The Troll laughed, softly."There is no shame,
Staff-bearer. You sought me out at the place of the Asking. You are
here in the Place Between. You have done what is necessary. Only
one task remains."
Mallara bowed."Tell me."
The Troll's voice fell, as though the Troll
were aboard a ship slowly but surely drifting away."My folk are
old," said the Troll."We knew the moon before it was scarred; we
knew the empty sky, before the moon. The forests, the seas, the
bright cold places -- all were ours, once."

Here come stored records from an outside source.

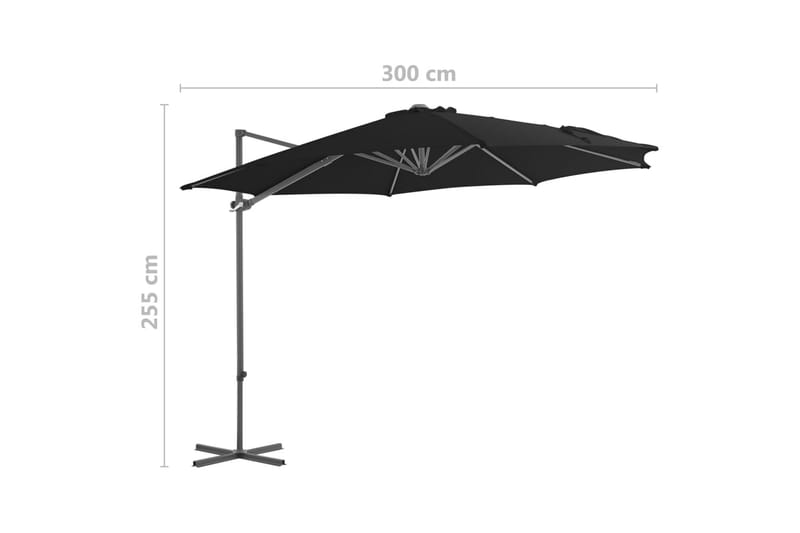 Frihängande parasoll med stålstång svart 300 cm - Svart - Utemöbler & utemiljö - Solskydd - Parasoll - Hängparasoll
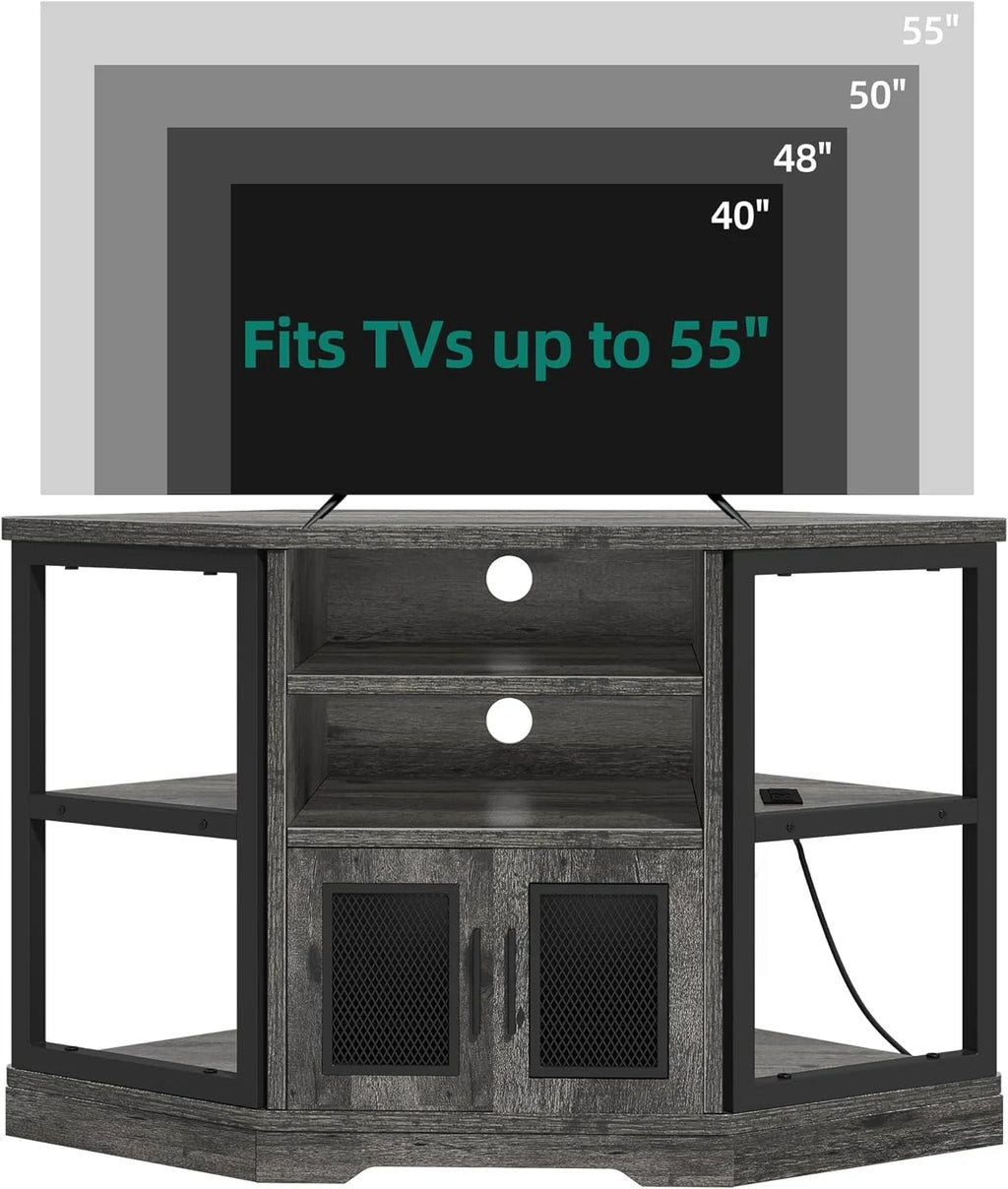 Corner TV Stand up to 55 Inch with Power Outlet, Gray Oak Z283838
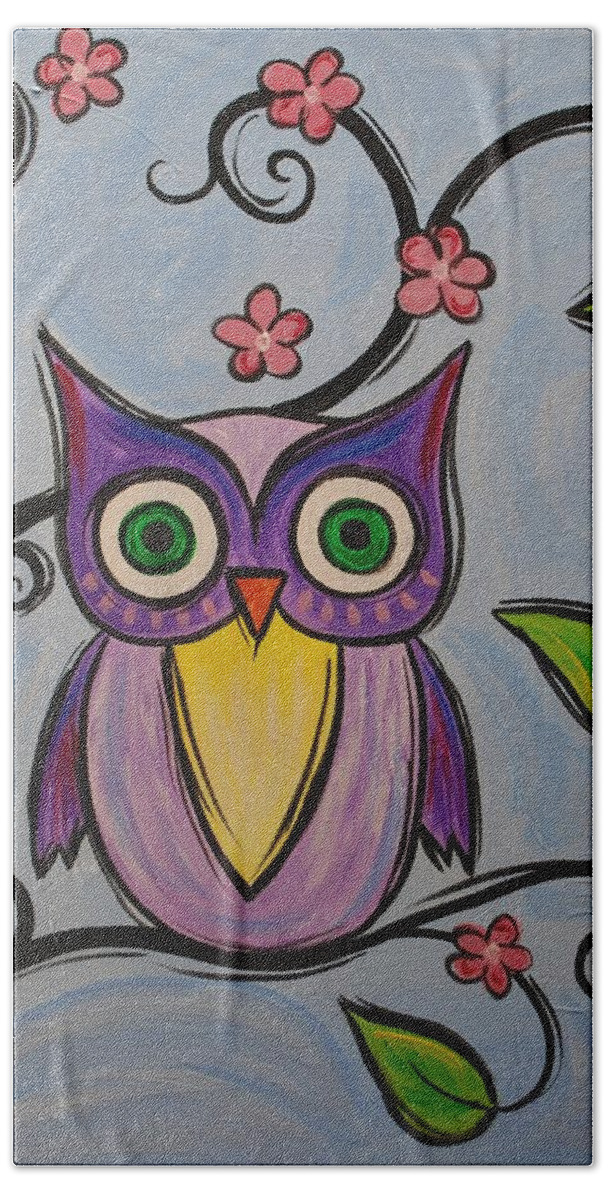 Owl Bird Beach Towel featuring the painting Hootie by Emily Page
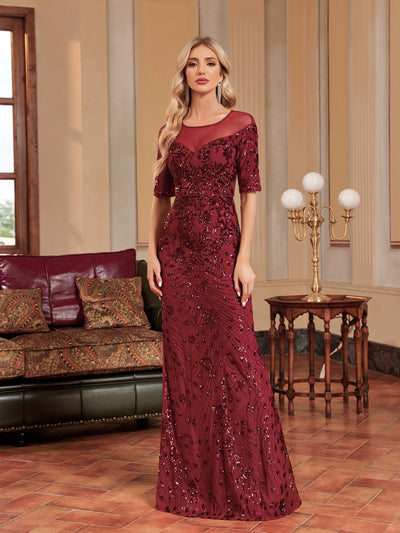 Burgundy Mermaid Sequins Short Sleeve Prom Dress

The dead sky darkened, as though thickening
-- or falling. Mallara shivered.
"Go on," she said, her knuckles white around
her staff.
"Then your folk came," said the Troll."Soon
the world was full of you. Roads pierced our forests, farms crept
across our lands. And then you found the Words, and the power
behind them, and the world was changed, and ours no longer."
"Our folk have lived in peace for hundreds of
years," said Mallara."Surely--"
"The peace began with the Asking," said the
Troll, gently."Our Asking and your Vow."
Mallara frowned and fought back an urge to
look up and watch the sky fall."The peace?" she said."Five hundred
years -- all because of the vow you want me to fulfill?"
"Yes," said the Troll."Are you
frightened?"
Despite herself, Mallara laughed."If Burn
were here, he'd claim we do this sort of thing so often we're bored
by it," she said."And I'd deny it. Of course I'm frightened. And I
still don't know what you asked, or what was promised."
And please tell me quickly, she thought. The
sky is so close.
"We came to one of your folk many years ago,"
the Troll said."We told this person that we would fight no more. We
told this person that we would ask your folk to take our place as
caretakers. We gave this world to your folk, Staff-bearer, in the
hope that your magic will carry on what our hands and hearts began
so long ago."
Mallara shook her head.
"Us?" she asked."My folk?"
"That is what we asked," said the Troll.
"And what did we vow?"
"Your folk swore that, on a day to come, a
Bearer of the Staff would meet my folk here, in this place between.
Your folk swore that the Bearer would make a way from our world --
your world, now -- into another. A world like we once had, Bearer.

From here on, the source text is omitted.